Colored nail polish or paint is an old trick to increase the visibility of the front sight. If you paint the sight first with white paint as an undercoating, the color will stand out much better. Degrease the sight before applying paint to ensure the paint sticks. Let the white paint cure completely and then apply the color paint over the white.
A common error is painting the entire front sight ramp with color. This will cause the front sight to visually rise out of the notch causing high shots. Putting color only to the visual depth of the rear notch as seen when you have a sight picture is what is desirable. The visual depth is usually about 1/3d of the length of the ramp.

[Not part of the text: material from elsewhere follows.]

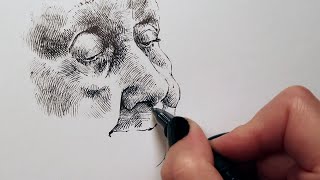 MiniLesson Crosshatching in Pen with France Van Stone [upl. by Adnarem82]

Czech to see what color your eyes see best. Eyes perceive color differently and what works best for one person may not work as well for another. Most people will perceive green better than red, but the opposite may be true for you. Green will sometimes wash out in bright sunlight, so I have chosen to stick with red. For the really industrious, you can make a reference tool using a notched trowel and different types of paint.
If your snub is stainless or silver anodized, you’ll also need to do something about the rear sight. This is simple; take a black magic marker and color the rear notch black. Include the interior of the notch as well as the back of the notch.

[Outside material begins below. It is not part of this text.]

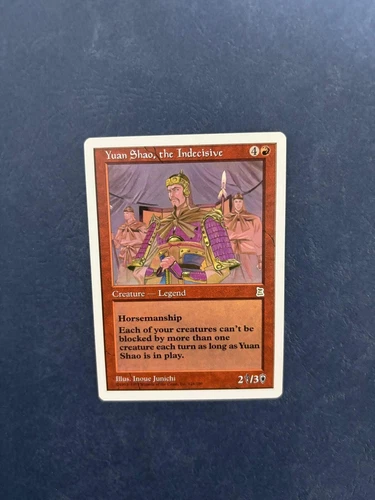 MTG PORTAL THREE KINGDOMS YUAN SHAO THE INDECISIVE NM ENGLISH P3K RARE CREATURE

What we want is to have both sights with improved contrast to the target. That will allow us to not only have an improved sight picture for more accuracy but also to pick up the sights more quickly.
Improving the visibility of a snub’s sights can really improve your shooting. This simple solution pays a lot of dividends toward hitting the target.
My ebooks about shooting will also pay a lot of dividends toward hitting your target.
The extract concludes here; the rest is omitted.